Assignment: Only the lines from the one bearing "Leggings Patrón de" through the end of the entries should be output, exactly as they stand, and pictures should be skipped.

┌─ Supplied records

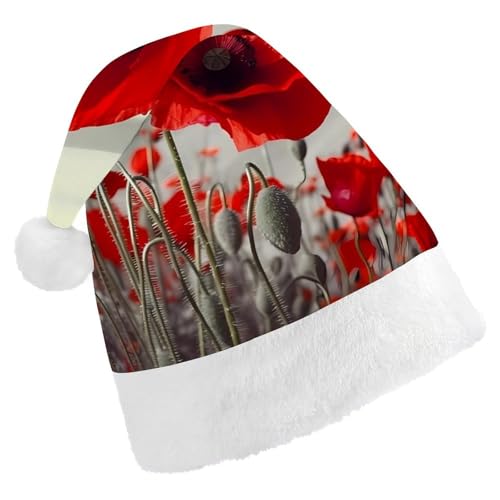 YKLBV Unisex Weihnachtsmütze für Erwachsene, Weihnachtsmannmütze, Geschenk und Dekoration für festliche Anlässe, weich, langlebig von YKLBV
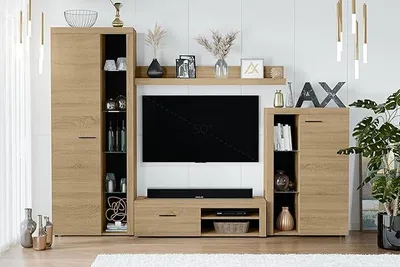 Produktbild von Spacoro Wohnwand Geölte Eiche Wohnzimmerschrank 270 cm
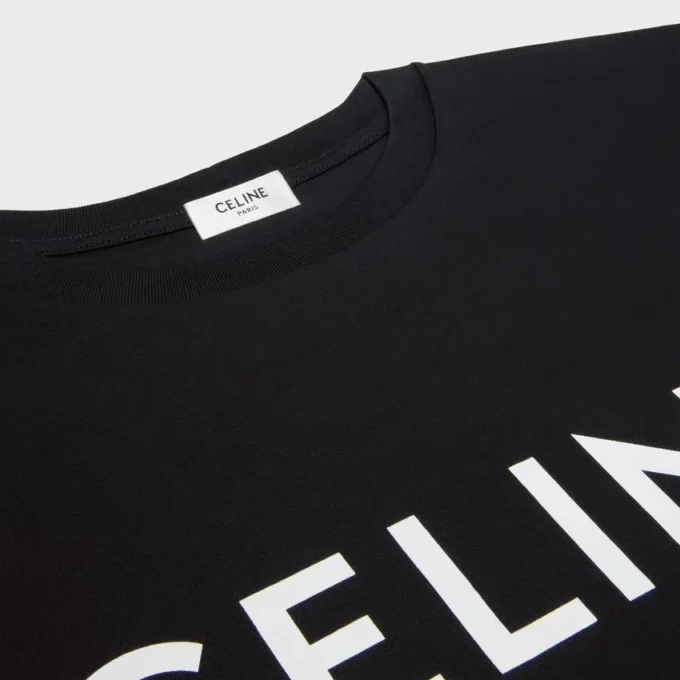 CELINE losvallend T-shirt van katoen jersey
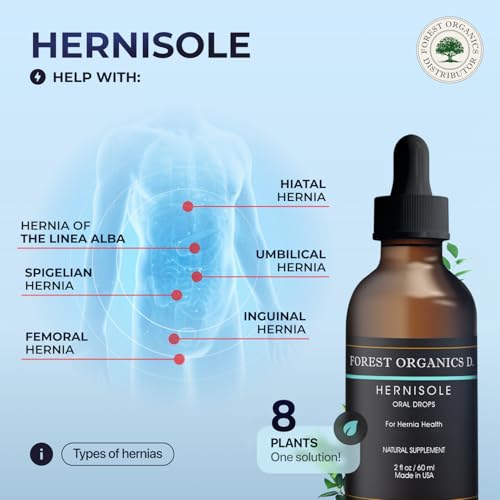 Hernisole plant-extract graphics highlight botanicals for digestive balance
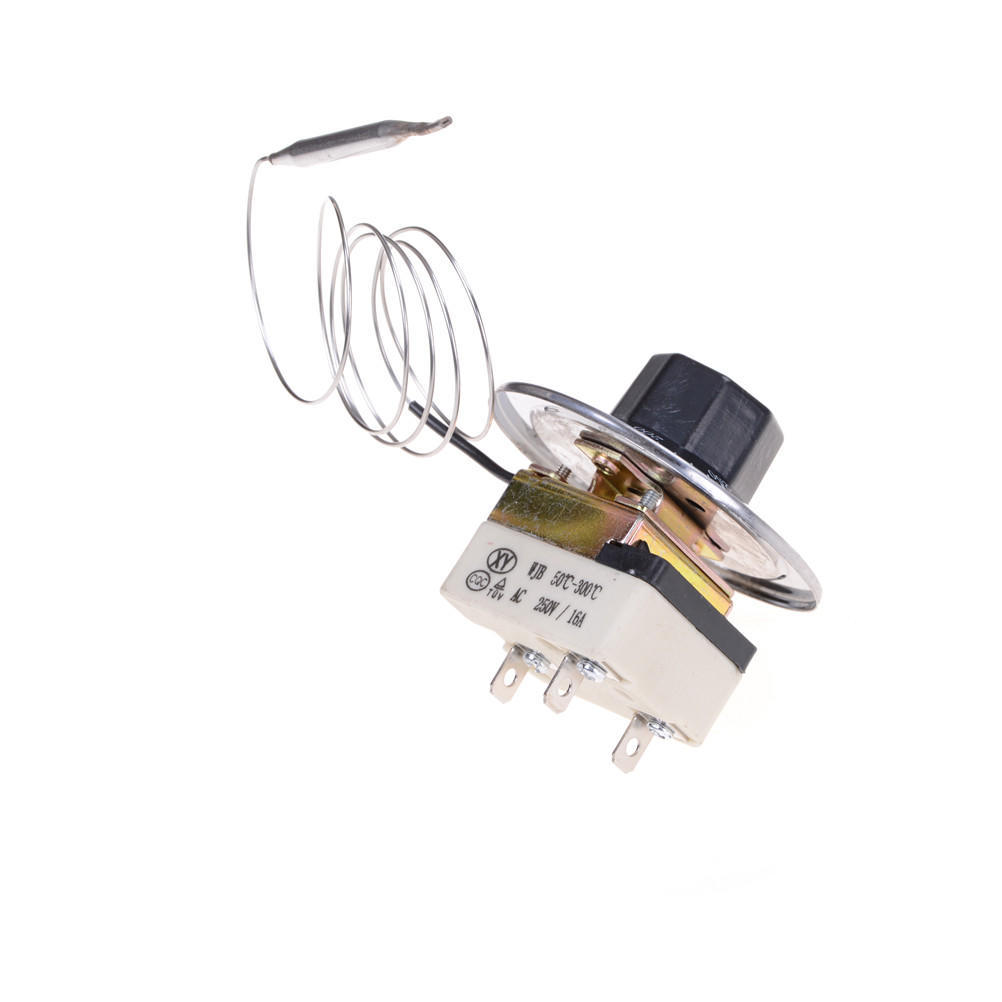 Ac 220V 16A  Thermostat Temperature Control Switch For Electric Oven 50-300C Dial
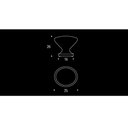 Ver imagem 4 de Puxador Cup Gold Escovado Ponto Zen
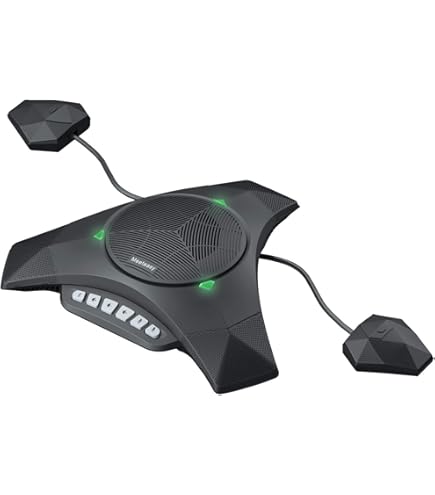 Haut-parleur De Conférence Portable Eppfun - Réduction De Bruit, Micro 360°, Compatible Zoom/Teams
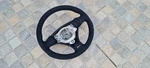 Steering Wheel Audi A4 B5 B6 RS4 All Alcantara Black Stitching Sport. Fixed Price $280.00.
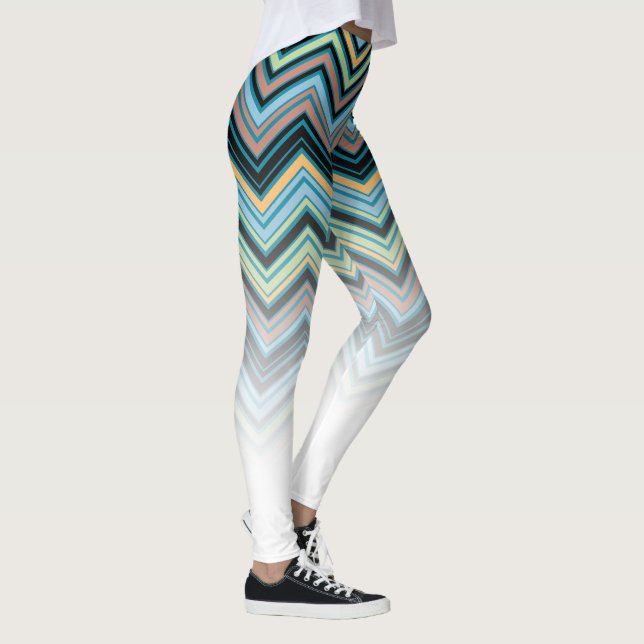 Leggings Patrón de cheurón multicolor (Derecha)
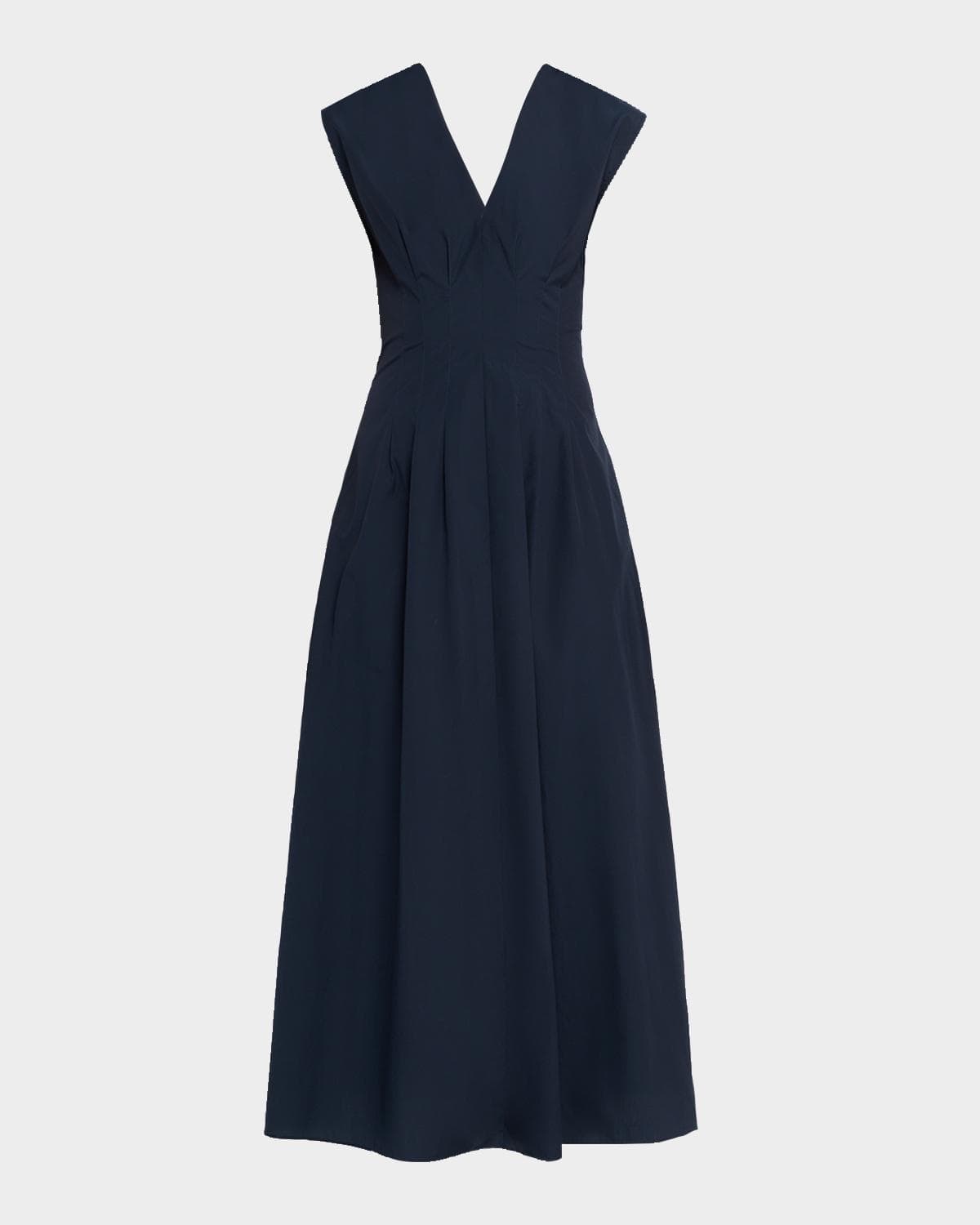 rag & bone Ines Sleeveless Poplin Maxi Dress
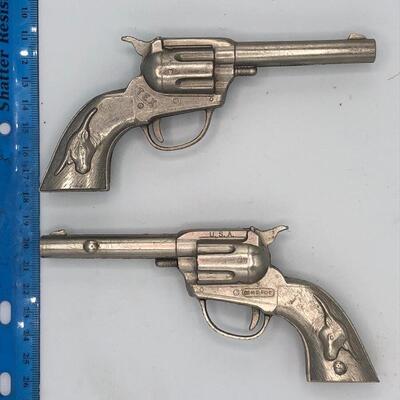 Vintage Hubley Tex Cap Guns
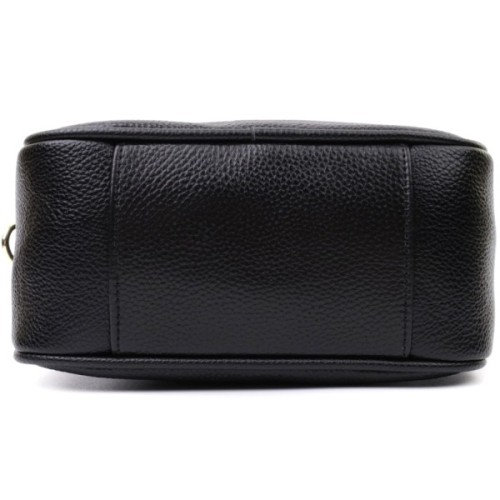 Сумка Vintage З натуральної шкіри Чорна (22590)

└─

Written answer:
 Leggings Patrón de cheurón multicolor (Derecha)
 rag & bone Ines Sleeveless Poplin Maxi Dress
 Vintage Hubley Tex Cap Guns
 Сумка Vintage З натуральної шкіри Чорна (22590)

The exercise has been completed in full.